CHARLOTTE, N.C. (WBTV) - The security of Facebook is important to all users, and as most people know there are bad actors who are sometimes successful in hacking an account and taking it over.
That’s what happened to the Charlotte-Mecklenburg Police Department’s Animal Care and Control account, now they’re asking for the public’s help to get the word out to help people follow the department’s real account.
(Note: the link provided above is NOT the CMPD’s account any longer, you can find the new account here)
It’s causing serious problems for the department and for animals in need of homes as the shelter continues to face overcrowding problems.
“WE NEED YOUR HELP! Our old Facebook page (@animalscmpd) was hacked over 6 months ago and is now posting crazy things. Please go to that page, report it as fake, and be sure to block/unfollow so we can get this page taken down,” according to a Facebook post from a new account for the department.
The hack happened months ago but the department has been unable to restore access to the account, and after some dormancy, whoever controls the account is posting to it.
After months without any results from Meta, Facebook’s parent company, Meta responded to a WBTV request about the situation and said they are going to help the department.
“Just letting you know that I have sent this on to our law enforcement liaison team who are going to contact the Police department to investigate/help them,” a Meta employee wrote in an email to WBTV.
The problems first started last year when one of the city’s administrators for the account received an alert about the account and passwords.
“Back in October, our social media specialist received a.

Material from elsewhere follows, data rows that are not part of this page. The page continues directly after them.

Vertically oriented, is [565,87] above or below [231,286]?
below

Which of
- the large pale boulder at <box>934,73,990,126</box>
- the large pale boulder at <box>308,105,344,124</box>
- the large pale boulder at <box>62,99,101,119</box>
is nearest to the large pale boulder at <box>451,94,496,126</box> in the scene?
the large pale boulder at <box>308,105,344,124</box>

Just kind of an alert about needing to change passwords and things like that. So she went through all the steps ... And then all of a sudden, we couldn’t access the Facebook page at all, even though we had multiple admins,” Melissa Knicely, Animal Aare and Control Spokesperson said.
Once the problem was realized the department started working to solve the problem.
“We started taking steps ... working on trying to actually get a person to speak to at Facebook,” Knicely said.
Seven months later the city is still locked out of the page and although the page was dormant for several months Knicely said she found out new posts on the original page are popping up and can cause confusion for followers of the account.
“I just want to make sure everybody knows the old Facebook page. We are not posting anything on that and we would love everyone to migrate over to the new page for us,” she said.
The importance of social media and getting pets into homes
Social media platforms like Facebook have become a part of everyday life for many, it’s a way to connect with friends and share memories --- but for government agencies Facebook serves a different purpose, often to reach members of the community.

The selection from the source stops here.